• Data listing:

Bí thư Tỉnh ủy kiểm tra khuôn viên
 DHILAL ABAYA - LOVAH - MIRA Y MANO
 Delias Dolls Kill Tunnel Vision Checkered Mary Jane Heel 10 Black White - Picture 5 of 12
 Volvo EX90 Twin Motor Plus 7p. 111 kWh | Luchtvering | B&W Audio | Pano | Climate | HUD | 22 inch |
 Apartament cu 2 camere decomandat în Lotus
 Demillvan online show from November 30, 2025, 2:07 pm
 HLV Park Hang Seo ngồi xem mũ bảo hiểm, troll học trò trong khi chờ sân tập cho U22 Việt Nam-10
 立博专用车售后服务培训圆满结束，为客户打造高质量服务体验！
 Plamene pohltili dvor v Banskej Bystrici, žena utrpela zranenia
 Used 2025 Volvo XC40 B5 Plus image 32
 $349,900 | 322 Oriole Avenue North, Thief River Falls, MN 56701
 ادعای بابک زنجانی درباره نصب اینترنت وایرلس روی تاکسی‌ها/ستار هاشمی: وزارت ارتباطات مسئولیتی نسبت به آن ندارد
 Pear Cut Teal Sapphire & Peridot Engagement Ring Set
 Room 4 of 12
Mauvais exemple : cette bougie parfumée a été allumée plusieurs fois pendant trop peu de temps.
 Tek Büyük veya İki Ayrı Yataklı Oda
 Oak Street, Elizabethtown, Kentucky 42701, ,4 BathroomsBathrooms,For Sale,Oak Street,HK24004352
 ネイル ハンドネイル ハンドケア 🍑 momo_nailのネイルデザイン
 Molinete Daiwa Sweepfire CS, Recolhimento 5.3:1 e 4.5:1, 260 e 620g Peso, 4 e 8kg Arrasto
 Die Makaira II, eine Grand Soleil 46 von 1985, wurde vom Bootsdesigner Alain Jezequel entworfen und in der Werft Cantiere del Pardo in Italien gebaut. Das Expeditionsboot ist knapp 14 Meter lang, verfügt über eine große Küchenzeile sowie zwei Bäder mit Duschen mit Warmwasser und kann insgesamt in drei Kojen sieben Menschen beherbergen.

• Problem: Your reply should consist only of the lines running from the line with "Room 4 of 12" to the end of the listing, retyped exactly.

• Response area:
 Room 4 of 12
Mauvais exemple : cette bougie parfumée a été allumée plusieurs fois pendant trop peu de temps.
 Tek Büyük veya İki Ayrı Yataklı Oda
 Oak Street, Elizabethtown, Kentucky 42701, ,4 BathroomsBathrooms,For Sale,Oak Street,HK24004352
 ネイル ハンドネイル ハンドケア 🍑 momo_nailのネイルデザイン
 Molinete Daiwa Sweepfire CS, Recolhimento 5.3:1 e 4.5:1, 260 e 620g Peso, 4 e 8kg Arrasto
 Die Makaira II, eine Grand Soleil 46 von 1985, wurde vom Bootsdesigner Alain Jezequel entworfen und in der Werft Cantiere del Pardo in Italien gebaut. Das Expeditionsboot ist knapp 14 Meter lang, verfügt über eine große Küchenzeile sowie zwei Bäder mit Duschen mit Warmwasser und kann insgesamt in drei Kojen sieben Menschen beherbergen.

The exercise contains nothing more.